> [ABOUT THIS EXERCISE]:
The listing beneath should be written out in full, exactly as shown.

> [MATERIAL SUPPLIED]:
**********

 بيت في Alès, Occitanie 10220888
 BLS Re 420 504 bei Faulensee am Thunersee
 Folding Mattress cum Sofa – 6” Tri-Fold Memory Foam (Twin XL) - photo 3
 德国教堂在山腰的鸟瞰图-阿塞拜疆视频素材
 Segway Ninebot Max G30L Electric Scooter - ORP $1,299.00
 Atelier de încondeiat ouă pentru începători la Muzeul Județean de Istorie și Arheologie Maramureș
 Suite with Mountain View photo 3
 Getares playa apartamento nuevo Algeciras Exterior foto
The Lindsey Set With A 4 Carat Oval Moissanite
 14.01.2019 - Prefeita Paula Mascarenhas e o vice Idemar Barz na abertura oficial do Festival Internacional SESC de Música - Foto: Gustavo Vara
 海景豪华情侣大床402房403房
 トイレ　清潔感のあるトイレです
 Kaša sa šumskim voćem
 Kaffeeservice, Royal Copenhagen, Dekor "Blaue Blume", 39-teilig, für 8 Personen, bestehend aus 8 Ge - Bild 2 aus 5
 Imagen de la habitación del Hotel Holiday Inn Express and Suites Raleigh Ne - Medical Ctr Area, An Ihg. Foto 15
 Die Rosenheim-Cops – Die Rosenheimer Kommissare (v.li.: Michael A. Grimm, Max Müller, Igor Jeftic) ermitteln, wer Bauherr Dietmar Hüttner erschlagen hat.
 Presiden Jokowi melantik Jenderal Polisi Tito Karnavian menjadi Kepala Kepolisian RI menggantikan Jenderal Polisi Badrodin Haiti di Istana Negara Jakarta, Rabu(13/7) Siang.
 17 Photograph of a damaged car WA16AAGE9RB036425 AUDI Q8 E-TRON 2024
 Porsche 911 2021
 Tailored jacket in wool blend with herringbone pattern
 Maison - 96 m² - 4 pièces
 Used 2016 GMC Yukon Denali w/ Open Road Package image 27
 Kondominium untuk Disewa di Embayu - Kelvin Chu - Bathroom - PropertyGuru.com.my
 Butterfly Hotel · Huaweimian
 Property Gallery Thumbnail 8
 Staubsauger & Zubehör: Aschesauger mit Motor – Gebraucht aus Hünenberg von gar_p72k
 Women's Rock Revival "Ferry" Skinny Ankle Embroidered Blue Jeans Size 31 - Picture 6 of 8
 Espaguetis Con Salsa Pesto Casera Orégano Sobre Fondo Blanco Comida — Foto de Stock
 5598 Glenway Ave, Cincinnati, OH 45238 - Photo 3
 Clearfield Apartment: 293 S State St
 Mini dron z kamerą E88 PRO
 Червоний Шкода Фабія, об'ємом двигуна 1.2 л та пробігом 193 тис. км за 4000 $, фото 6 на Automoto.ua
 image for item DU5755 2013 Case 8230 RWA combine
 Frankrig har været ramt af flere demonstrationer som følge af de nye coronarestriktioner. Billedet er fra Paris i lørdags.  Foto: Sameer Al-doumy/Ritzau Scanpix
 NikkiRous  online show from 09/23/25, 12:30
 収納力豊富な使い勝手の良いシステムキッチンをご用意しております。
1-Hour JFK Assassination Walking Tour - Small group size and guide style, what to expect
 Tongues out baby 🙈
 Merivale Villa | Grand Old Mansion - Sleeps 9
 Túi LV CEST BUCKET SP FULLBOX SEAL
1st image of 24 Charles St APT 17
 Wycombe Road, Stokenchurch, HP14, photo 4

**********

> [WRITTEN SOLUTION]:
 بيت في Alès, Occitanie 10220888
 BLS Re 420 504 bei Faulensee am Thunersee
 Folding Mattress cum Sofa – 6” Tri-Fold Memory Foam (Twin XL) - photo 3
 德国教堂在山腰的鸟瞰图-阿塞拜疆视频素材
 Segway Ninebot Max G30L Electric Scooter - ORP $1,299.00
 Atelier de încondeiat ouă pentru începători la Muzeul Județean de Istorie și Arheologie Maramureș
 Suite with Mountain View photo 3
 Getares playa apartamento nuevo Algeciras Exterior foto
The Lindsey Set With A 4 Carat Oval Moissanite
 14.01.2019 - Prefeita Paula Mascarenhas e o vice Idemar Barz na abertura oficial do Festival Internacional SESC de Música - Foto: Gustavo Vara
 海景豪华情侣大床402房403房
 トイレ　清潔感のあるトイレです
 Kaša sa šumskim voćem
 Kaffeeservice, Royal Copenhagen, Dekor "Blaue Blume", 39-teilig, für 8 Personen, bestehend aus 8 Ge - Bild 2 aus 5
 Imagen de la habitación del Hotel Holiday Inn Express and Suites Raleigh Ne - Medical Ctr Area, An Ihg. Foto 15
 Die Rosenheim-Cops – Die Rosenheimer Kommissare (v.li.: Michael A. Grimm, Max Müller, Igor Jeftic) ermitteln, wer Bauherr Dietmar Hüttner erschlagen hat.
 Presiden Jokowi melantik Jenderal Polisi Tito Karnavian menjadi Kepala Kepolisian RI menggantikan Jenderal Polisi Badrodin Haiti di Istana Negara Jakarta, Rabu(13/7) Siang.
 17 Photograph of a damaged car WA16AAGE9RB036425 AUDI Q8 E-TRON 2024
 Porsche 911 2021
 Tailored jacket in wool blend with herringbone pattern
 Maison - 96 m² - 4 pièces
 Used 2016 GMC Yukon Denali w/ Open Road Package image 27
 Kondominium untuk Disewa di Embayu - Kelvin Chu - Bathroom - PropertyGuru.com.my
 Butterfly Hotel · Huaweimian
 Property Gallery Thumbnail 8
 Staubsauger & Zubehör: Aschesauger mit Motor – Gebraucht aus Hünenberg von gar_p72k
 Women's Rock Revival "Ferry" Skinny Ankle Embroidered Blue Jeans Size 31 - Picture 6 of 8
 Espaguetis Con Salsa Pesto Casera Orégano Sobre Fondo Blanco Comida — Foto de Stock
 5598 Glenway Ave, Cincinnati, OH 45238 - Photo 3
 Clearfield Apartment: 293 S State St
 Mini dron z kamerą E88 PRO
 Червоний Шкода Фабія, об'ємом двигуна 1.2 л та пробігом 193 тис. км за 4000 $, фото 6 на Automoto.ua
 image for item DU5755 2013 Case 8230 RWA combine
 Frankrig har været ramt af flere demonstrationer som følge af de nye coronarestriktioner. Billedet er fra Paris i lørdags.  Foto: Sameer Al-doumy/Ritzau Scanpix
 NikkiRous  online show from 09/23/25, 12:30
 収納力豊富な使い勝手の良いシステムキッチンをご用意しております。
1-Hour JFK Assassination Walking Tour - Small group size and guide style, what to expect
 Tongues out baby 🙈
 Merivale Villa | Grand Old Mansion - Sleeps 9
 Túi LV CEST BUCKET SP FULLBOX SEAL
1st image of 24 Charles St APT 17
 Wycombe Road, Stokenchurch, HP14, photo 4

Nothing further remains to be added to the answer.